# Thread: Find the derivative using Leibniz Rule

1. ## Find the derivative using Leibniz Rule

I found this question on Yahoo! Answers, and I am stumped (however, I would like to know the answer):

Let f(x,y) be a continuous function in R2. For t>0 let R_t = [0,t] x [0,2t] = { (x,y) | 0<=x<=t, 0<=y<=2t }
and define F(t) integral integral R_t of f(x,y)dA
Use Leibniz Rule to compute the derivative dF/dt.

How do I use Leibniz Rule? - Yahoo! Answers

Thanks, Charles

2. A lot, of course, depends on the function f(x,y).

Define $G(x, t)= \int_0^{2t} f(x,y)dy$.

Then $\frac{\partial G}{\partial x}= \int_0^{2t}\frac{\partial f}{\partial x} dy$.

Now, $F(t)= \int_0^t G(x,t)dx$ so that $\frac{dF}{dt}= G(t,t)+ \int_0^t\frac{\partial G}{\partial x}dx$.

$= \int_0^{2t}f(t, y)dy+ \int_0^t\int_0^{2t}\frac{\partial G}{\partial x}dydx$.

3. Wouldn't it be

$\displaystyle \int_0^{2t} f(t,y)dy + 2\int_0^t f(x,2t)dx$

4. Originally Posted by HallsofIvy
$= \int_0^{2t}f(t, y)dy+ \int_0^t\int_0^{2t}\frac{\partial G}{\partial x}dydx$.
Are you sure you didn't intend to write:

$= \int_0^{2t}f(t, y)dy+ \int_0^t\int_0^{2t}\frac{\partial f}{\partial x}dydx$

Anyway, your formula didn't work when I set f(x,y) = x sin y, although perhaps I made a mistake in my calculation. Are you sure your formula is correct?

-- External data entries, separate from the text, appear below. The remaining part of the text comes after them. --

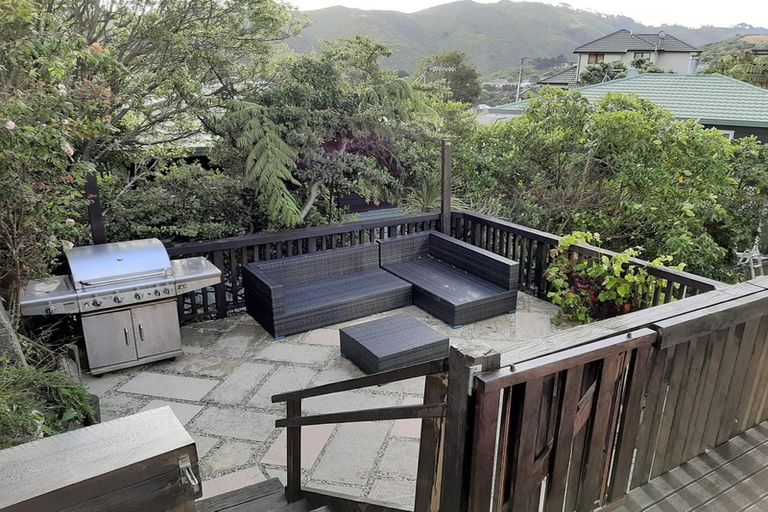 Photo of property in 142 The Ridgeway, Mornington, Wellington, 6021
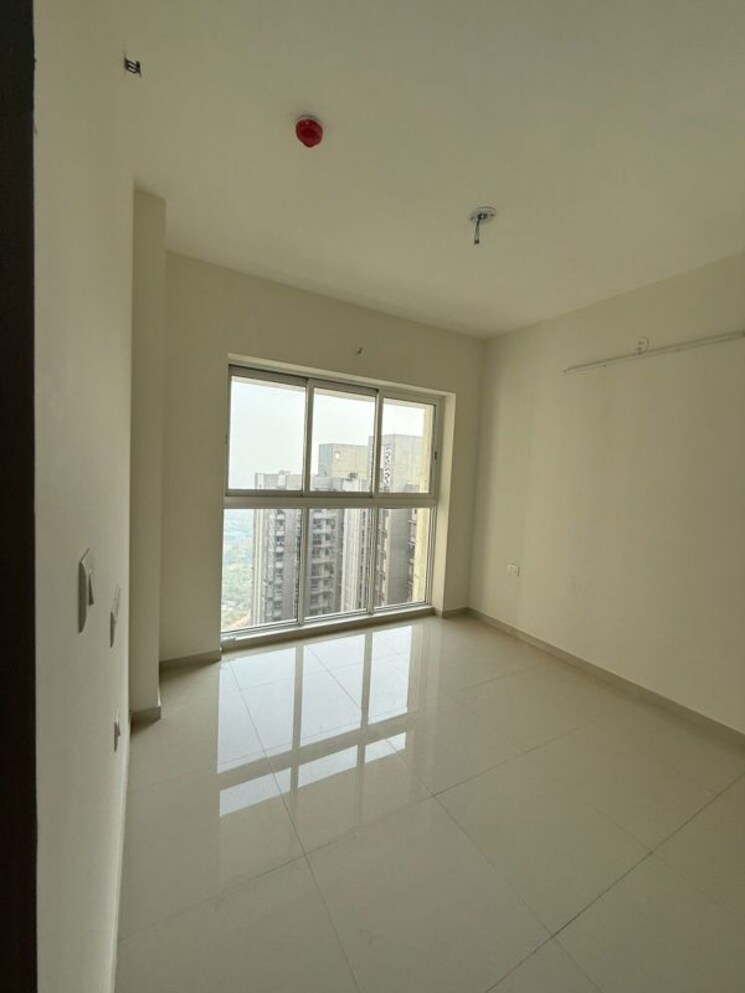 Room, lodha-amara 1 Bedroom 470 Sq.Ft. Apartment In Kolshet Road Thane 9854558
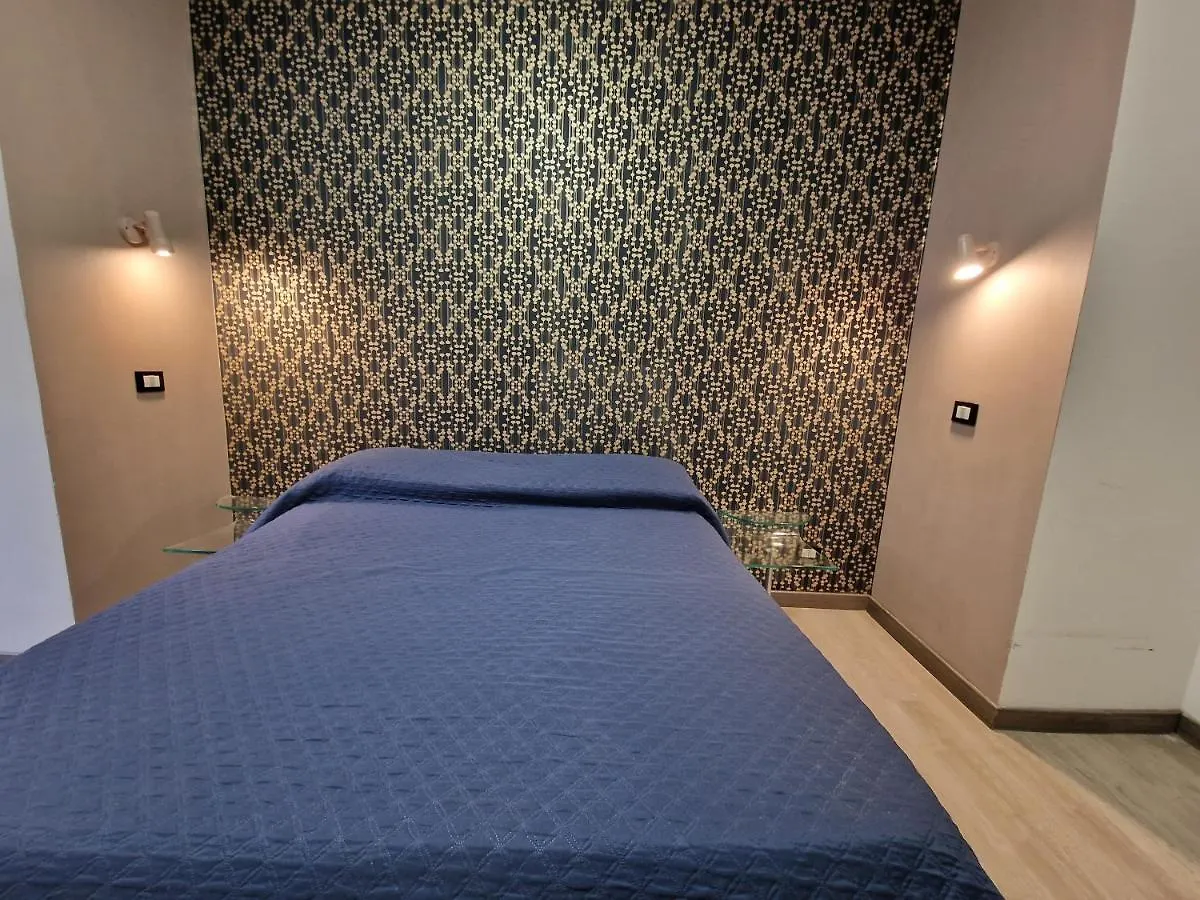 Hotel Roma Story 2 0*, Rzym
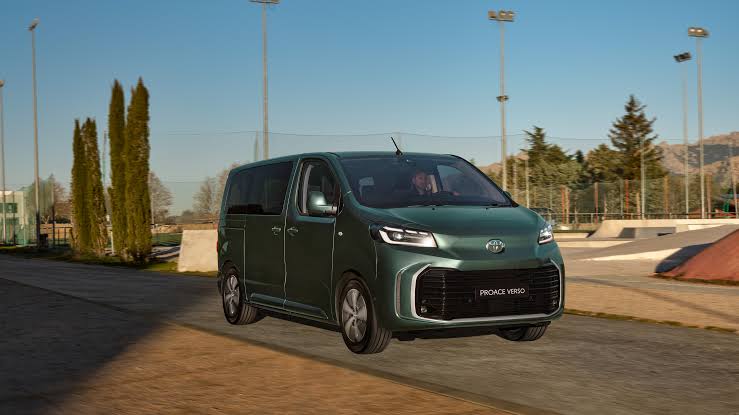 Toyota Proace Verso är den bil som utmärker sig när utrymmet är högsta prioritet för familjen med tre barnstolar.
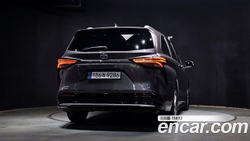 Toyota Sienna 2.5 Hybrid AWD — 2023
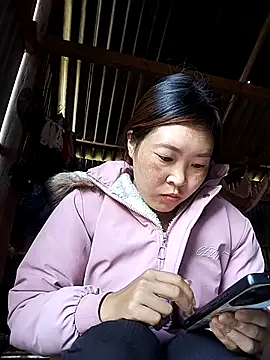 vivi cute online show from 10-23-25, 01:16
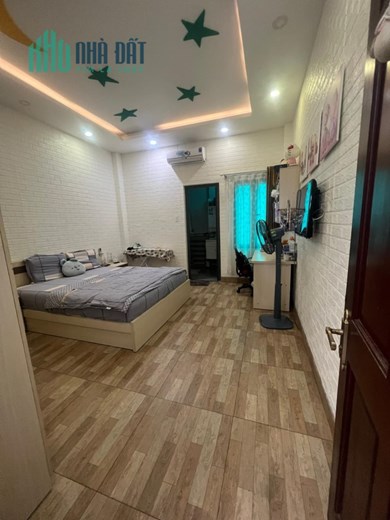 BÌNH TÂN - LIÊN KHU 2-10 - 4 TẦNG - 85M2 - HẺM XE HƠI - BÁN NHÀ TẶNG NỘI THẤT CỰC XỊN - GIÁ NHỈNH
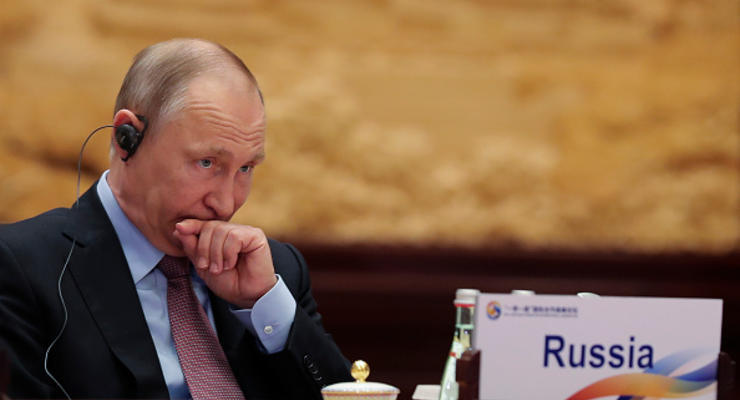 Деньги и обучение в России: Путин пытается втянуть белорусов в войну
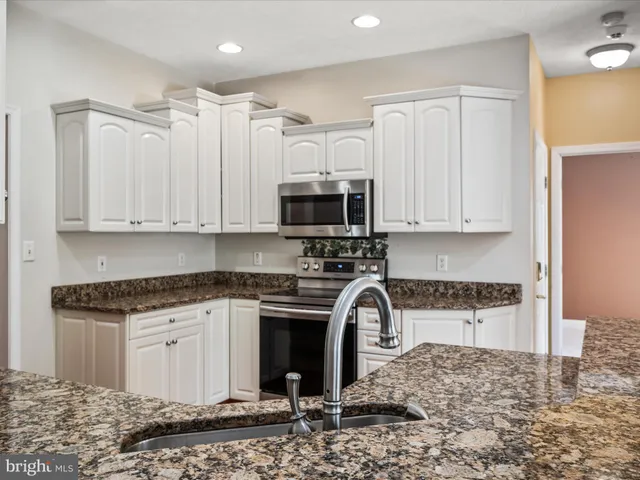 $755,000 | 317 Henderson Court, Berryville, VA 22611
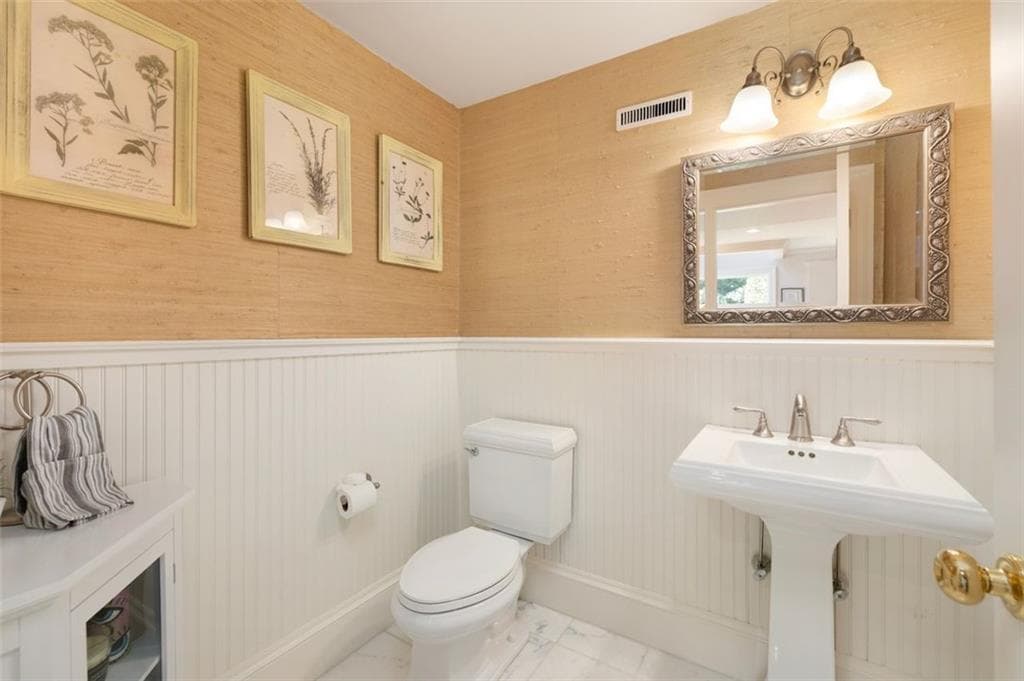 30 Angell Court photo 14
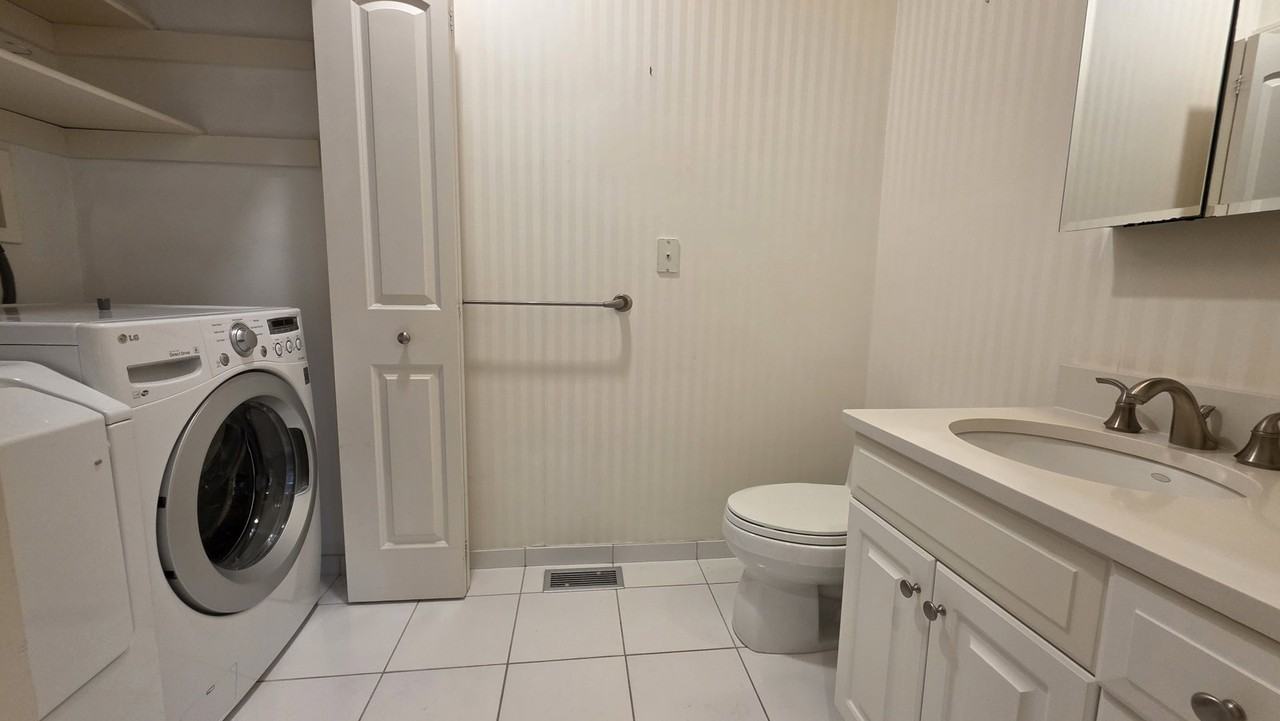 910 W Roxbury Pkwy - Photo 4 of 8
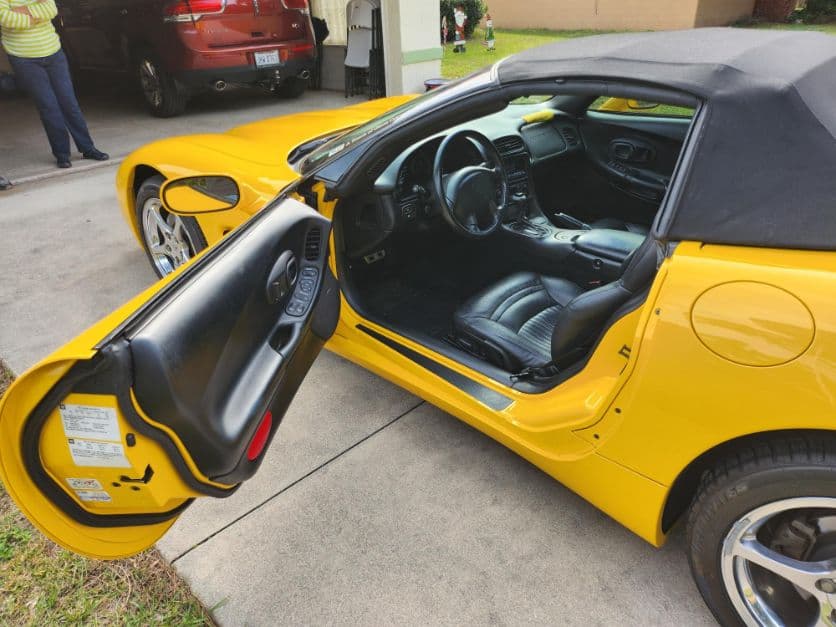 2002 Chevrolet Corvette Convertible thumbnail 8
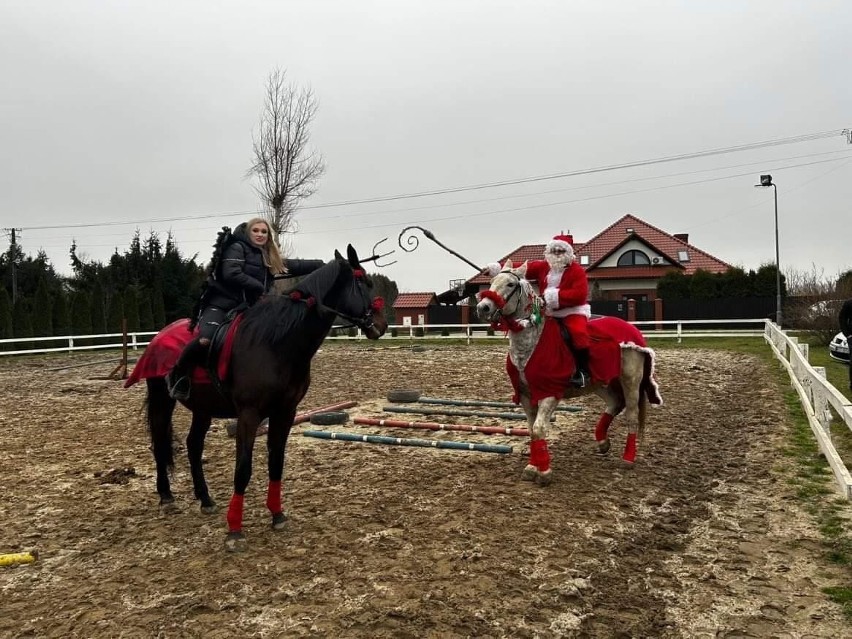 Mikołajkowa parada na koniach w Jastkowicach koło Stalowej Woli. Zobacz zdjęcia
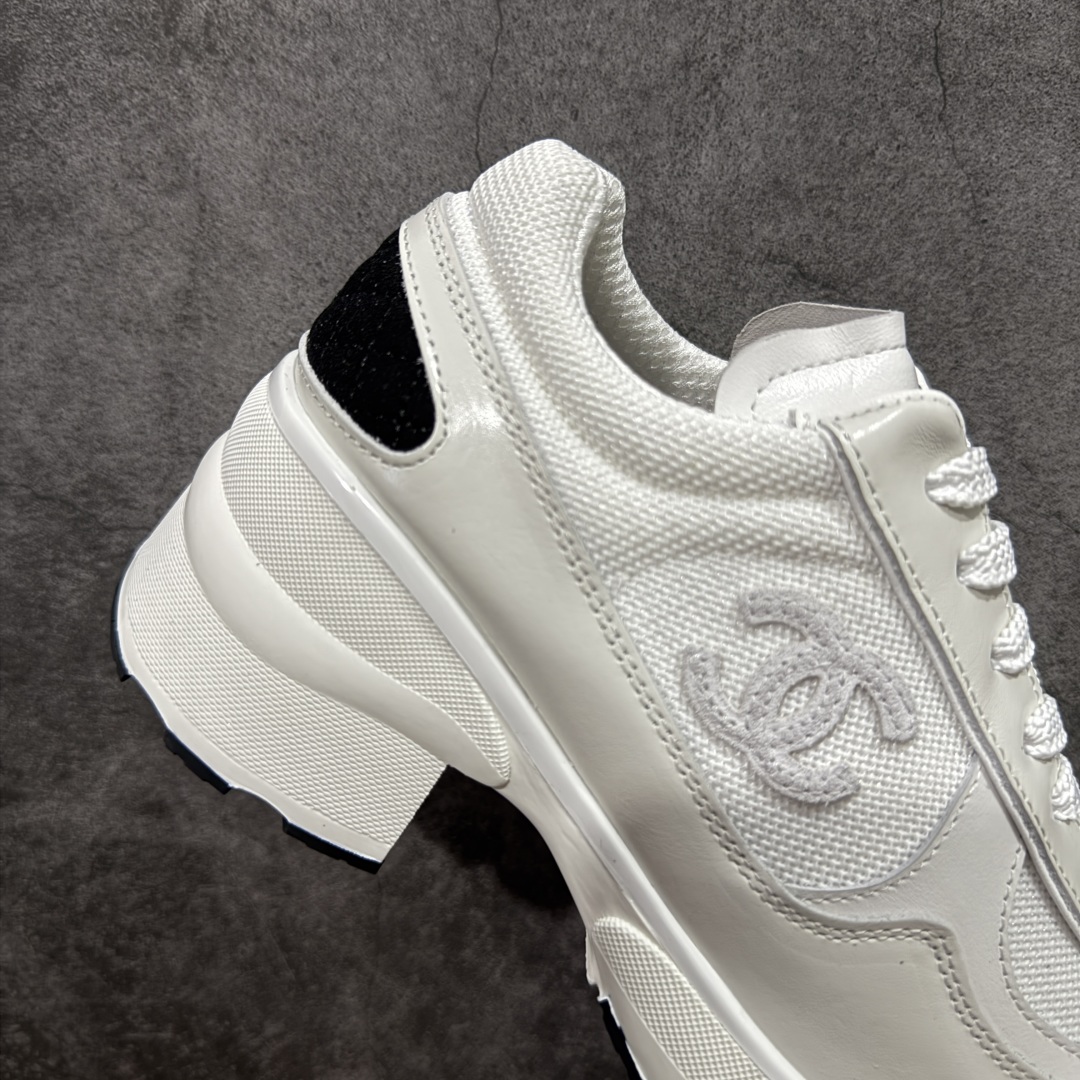 图片[7]-【莞顶礼盒版】CHANEL香奈儿25K 高跟运动鞋 全套官方统一礼盒顶级包装‼️ 拼色熊猫鞋必备爆款超级耐看，粗跟稳步增高 跟高4公分 秒变大长腿🦵 #运动休闲鞋 #老爹鞋 #厚底休闲鞋 #小香 #情侣老爹鞋 #休闲鞋穿搭 #香奈儿鞋 #chanel鞋 #运动鞋 #熊猫鞋 采用鞋面进口拼色小牛皮 内里进口透气网 大底采用TPU耐磨 颜色：黑色 白色 尺码：35 36 37 38 39 40-选品中心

Also, I don't understand why you have two terms in your result: G(t,t) and $\int_0^t\frac{\partial G}{\partial x}dx$

5. Originally Posted by Danny
Wouldn't it be

$\displaystyle \int_0^{2t} f(t,y)dy + 2\int_0^t f(x,2t)dx$
After carrying out the calculation, I concur with your result. Furthermore, f(x,y) need only be integrable, and continuity is more than sufficient. The Leibniz Rule was a red herring:

$\displaystyle [\int_0^{t+h} \int_0^{2t+2h} f(x,y) dydx - \int_0^t \int_0^{2t} f(x,y) dydx]/h$

$\displaystyle = [\int_0^t \int_0^{2t+2h} f(x,y) dydx + \int_t^{t+h} \int_0^{2t+2h} f(x,y) dydx - \int_0^t \int_0^{2t} f(x,y) dydx]/h$

$\displaystyle = [\int_0^t \int_0^{2t} f(x,y) dydx + \int_0^t \int_{2t}^{2t+2h} f(x,y) dydx$

$\displaystyle \hspace{10 mm} + \int_t^{t+h} \int_0^{2t} f(x,y) dydx + \int_t^{t+h} \int_{2t}^{2t+2h} f(x,y) dydx - \int_0^t \int_0^{2t} f(x,y) dydx]/h$

$\displaystyle = [\int_0^t \int_{2t}^{2t+2h} f(x,y) dydx + \int_t^{t+h} \int_0^{2t} f(x,y) dydx + \int_t^{t+h} \int_{2t}^{2t+2h} f(x,y) dydx]/h$

Approximating the integrals with (single term) Riemann sums, we get:

$\displaystyle \approx [{2h} \int_0^t f(x,2t) dx + h \int_0^{2t} f(t,y) dy + h \cdot 2h \cdot f(t,2t)]/h$

$\displaystyle \rightarrow 2 \int_0^t f(x,2t) dx + \int_0^{2t} f(t,y) dy, h \rightarrow 0$
$\displaystyle \therefore F'(t) = 2 \int_0^t f(x,2t) dx + \int_0^{2t} f(t,y) dy$